One of the most important aspects of an application like Tinder is the recommendations (of potential matches) it provide to a user. In one the sections above, we saw how we generate recommendations for a user by querying indexes corresponding to the nearby geo-shards of a user. We can optimize the system by applying machine learning to rank the recommendations. The machine learning model will optimize on the user’s potential to right swipe recommended potential matches. We have listed below some of the features which may impact user’s decision to swipe left or right.

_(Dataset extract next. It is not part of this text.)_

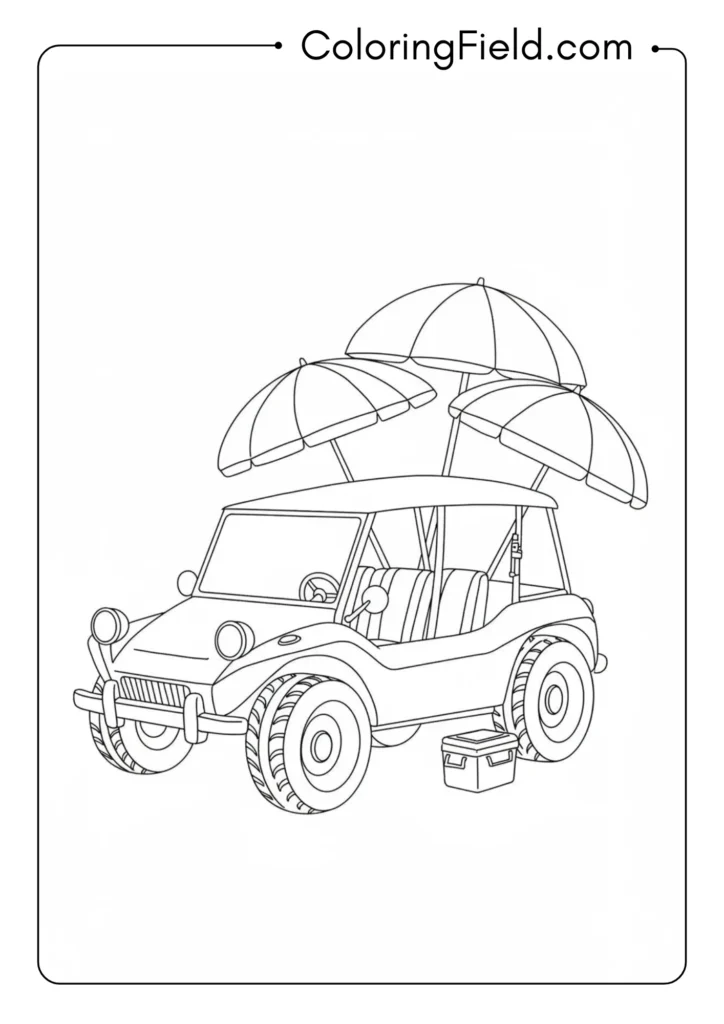 Beach buggy with umbrellas and cooler coloring page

We can frame a regression problem by using these features to find the probability that the user will swipe right a recommendation. We can then leverage algorithms such as Logistic Regression to compute those probabilities, which will be used for ranking the recommendations. In addition to this, we can also optimize the mechanism to send match notifications to user by prefetching the information that a user has been swiped right by a recommended user. Pre-fetching this information, we can notify the user about a match (if and when it occurs) right-away, hence preventing the network call. For instance, if Alice is shown in Bob’s recommendation and Alice has already swiped Bob right then Bob gets an instantaneous match notification(without any network hop) in case Bob swipes Alice right too.